Thursday, February 25, 2010

at a stand still

Sitting in traffic is not fun. It can be down right irritating. As you sit there in traffic, you can see that you are just stuck, not moving at all, and look over and see the traffic on the other side of the highway moving at a great pace, not stopped at all.


Have you had one of those moments in life where everything seemed to stop? It is like life just came to a stand still. It feels as though your very breath has been taken away. Your wondering if you will ever move again. But as we are feeling this way, we can look out into the world and nothing else has stopped. Our pain is so very real, at times you want others to take notice. You simply feel as though when loss has come, that everything should stop right along with you at least for a moment, but it doesn't. Life keeps going around us.


As my parents are from the south, I learned as a little girl when a funeral was passing by you pulled over on the side of the road as they passed. In this way you were showing respect. I still today do this. As they pass I remember that feeling on the day of my dad's memorial. I sit there with my heart full for these people, whoever they are, knowing the tears are falling, and traffic is still moving, and they feel as though time is standing still. My children have also claimed this small but peaceful moment to acknowledge an other's life.


I have had a few of those moments where time seemed to stand still. One I still feel today is when my youngest daughter left home. I thought my world was ending. I knew it was ending. I knew I didn't want to go on, and there was nothing going to pull me out of the hole I felt I was in. It was one of those days asking, "Why"? I felt in my heart that God had left me on that day. I felt alone and scared.


But the Lord did not leave me on that day or on any other. He was right there with me. As I saw the red light, He was seeing the green. He knew my life would go on. He knew my daughter would return to my life. He knew that this trial would change me forever, but through Him, this trial brought me to another place with Him. It strengthened my faith, because I knew at the time He was all I had to really trust in. He lifted me up and He carried me through, bringing much growth and lessons along the way. He changed me to look more like Him. He knew each feeling, each emotion I was carrying on those days, and just what I needed to move on.


Just when we think that life is ending, it is a new beginning. Its a turn on a new road, one that we have never been on before, but we soon find our way. We learn the sights and sounds, and we see glimpses of Him through the window of our pain.

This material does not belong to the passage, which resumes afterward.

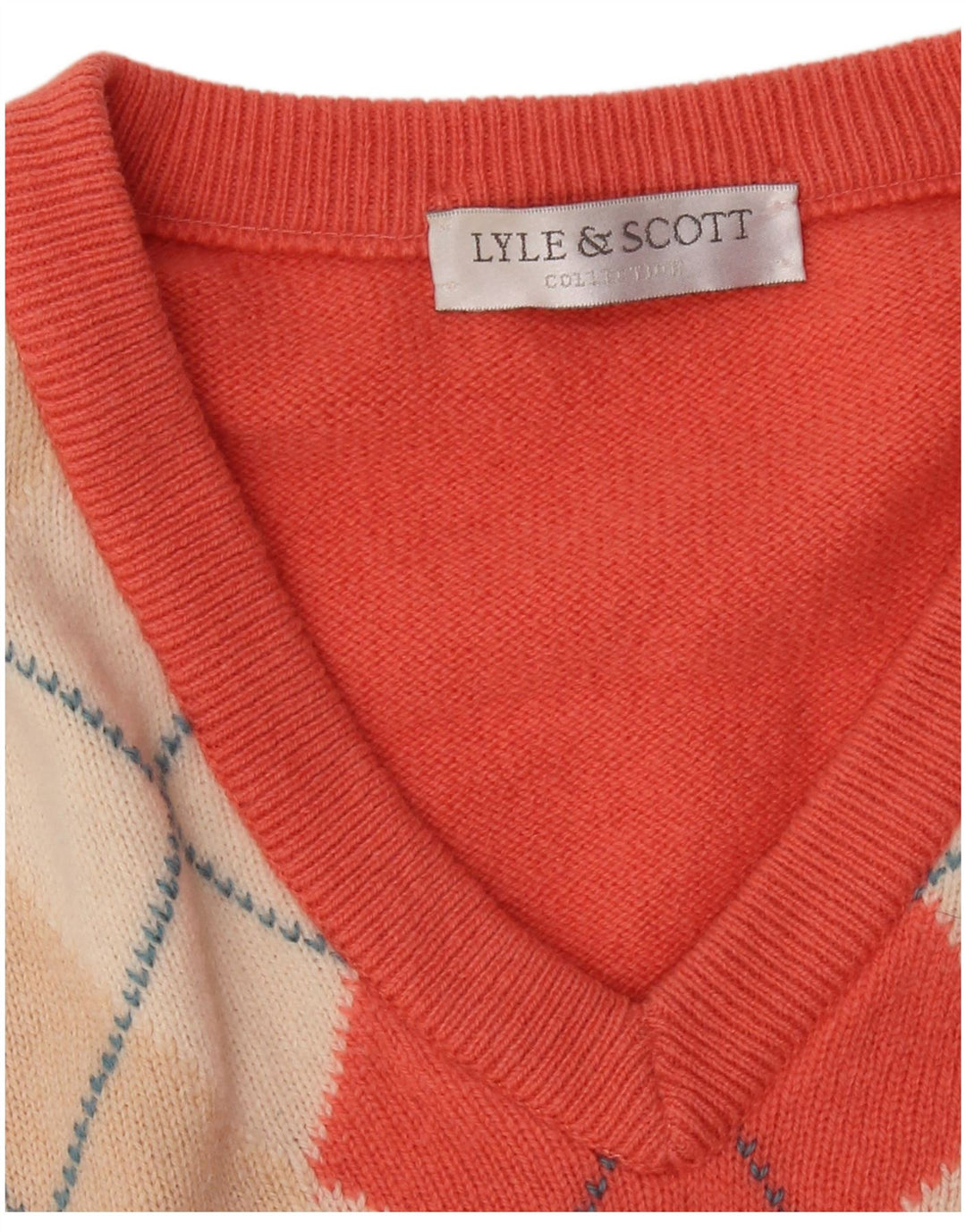 LYLE & SCOTT Herre V-hals sweater XL Orange Argyle/Diamond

Remember Job who lost everything? He lost his family, all that he had, everything. I think he thought life ended that day, but then it still got worse. He lost his health. When all around him looked as though it was going to take him down, he didn't lose sight of God. All around him were telling him to just curse God and get it over with. But he didn't, and he wouldn't. God didn't leave him, and through these trials of Job, it strengthened him, renewed him, and brought him a new life he never thought would come again. God restored Job's life, God was in Job's life, and Job was a witness to others as to just what God can do.


He can bring us out of the hole we are in. He can dry those tears, and He can wrap us in His love when we have the feelings of loss, of hurt, and despair. People will come and go in our lives. We will not always be surrounded by others who reach out or understand, but the one thing I know without a doubt is God is never leaving me. He is staying right there with me in the midst of my pain.


That red light that comes in life, doesn't stay red forever. It changes, and as it does we too change. We might be yielding and going slow for pace, but that green light will come again, and God will see us through all. Sometimes standing still for a time is what brings more joy in moving forward again.
In Job 17:1 we find Job crying out, "My spirit is broken, my days are extinguished, the grave is ready for me." Job was broken, and if you read the story of Job, you find he cried out many times, he asked why, he didn't lose his connection with God. In fact it grew as Job went through his trials. Job held on to the One he knew was there with him throughout all.
Again in Psalms we can read in 69:1-3,"Save me, O God! For the waters have come up to my neck. I sink deep in mire, where there is no standing; I have come into the deep waters, where the floods overflow me. I am weary with my crying; My throat is dry; My eyes fail while I wait for my God." It is not wrong for us to cry out to God. We are to be honest with Him. He already knows our feelings. He wants us to share with Him, to be real, and call upon Him. When we do with our heart, with everything bare, we will find Him, we will feel His love and comfort.
In Hebrews 13:5-6 we find He will never leave us. "Let your conduct be without covetousness; be content with such things as you have. For He himself has said, I will never leave you nor forsake you. So we many boldly say: The Lord is my helper; I will not fear. What can man do to me?"
If your sitting at that red light today thinking you can no longer breathe, and are afraid to look out. Don't fear what is in front of you. Take your time, let God lead you, and He will give you your breath back, and He will bring you into a new day.